Kadın Cinayetlerini Durduracağız Platformu bir süredir kadınlara anne olma baskısı yapan AKP'ye karşı Galatasaray Meydanı'nda buluştu. Hükümetin anneliği kariyere hatta ileri giderek vatani bir göreve, askerliğe benzetmesi, Başbakan'ın genç kadınların çeyiz parası gündemi açması kadınların sloganları ve ellerinde taşıdıkları dövizlerle cevap buldu. Genç kadınlar "Çeyiz değil kitap parası" dövizleriyle hümete karşılık verirken, Platform'un anne olan üyeleri konuşmalar yaparak, anneliğin bir tercih olduğunu ve AKP'nin anneliği kullanarak kadınlara baskı yapmaması gerektiğini net bir dille ifade ettiler.

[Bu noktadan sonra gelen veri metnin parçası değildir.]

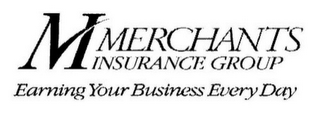 M MERCHANTS INSURANCE GROUP EARNING YOUR BUSINESS EVERY DAY logo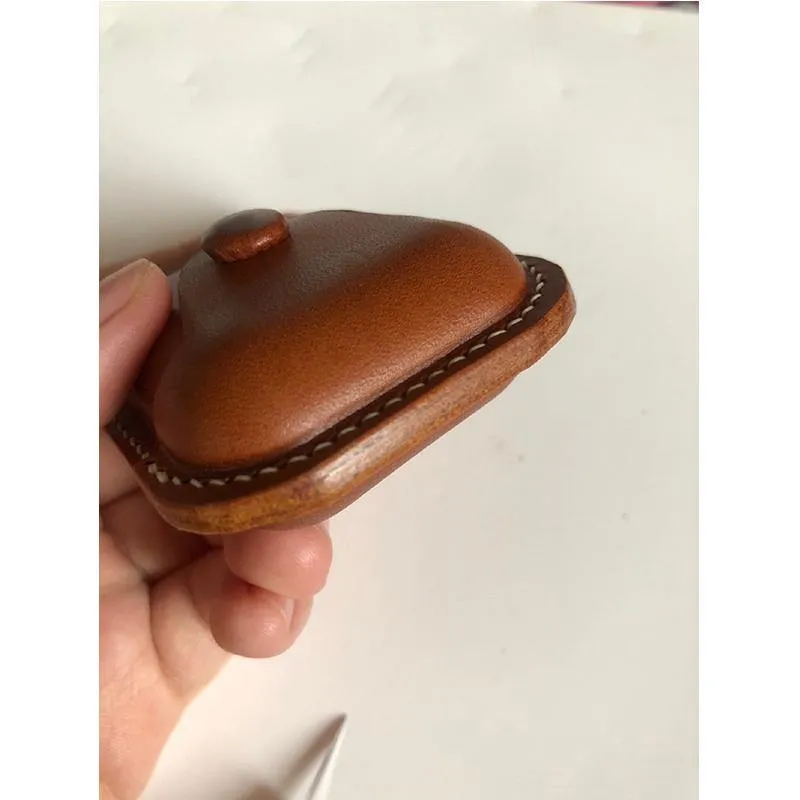 Handmade Brown Leather AirPods 1,2 Case Leather AirPods Case 1,2 Airpod Case Cover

Eylemde "Suçlular kurulu yazılı ozalit" ise kadın cinayetlerini engellemek yerine teşvik eden hükümet yetkililerini teşhir etti.
Öldürülen Muhterem Göçmen’in kız kardeşi Çiğdem Evcil, istediği için anne olduğunu, kariyer için olmadığını dile getirerek “Benim kardeşim öldürülürken sesleri çıkmıyordu. Şimdi kadınların anneliği her gün dillerinde” dedi. Evcil’in konuşmasının ardından Kadın Cinayetlerini Durduracağız Platformu’yla yıllarca kızıyla mücadele eden Gülay Karagöz, “Kadınlar isterse anne olur. Bizi kuluçka makinası gibi görmekten vazgeçsinler” dedi.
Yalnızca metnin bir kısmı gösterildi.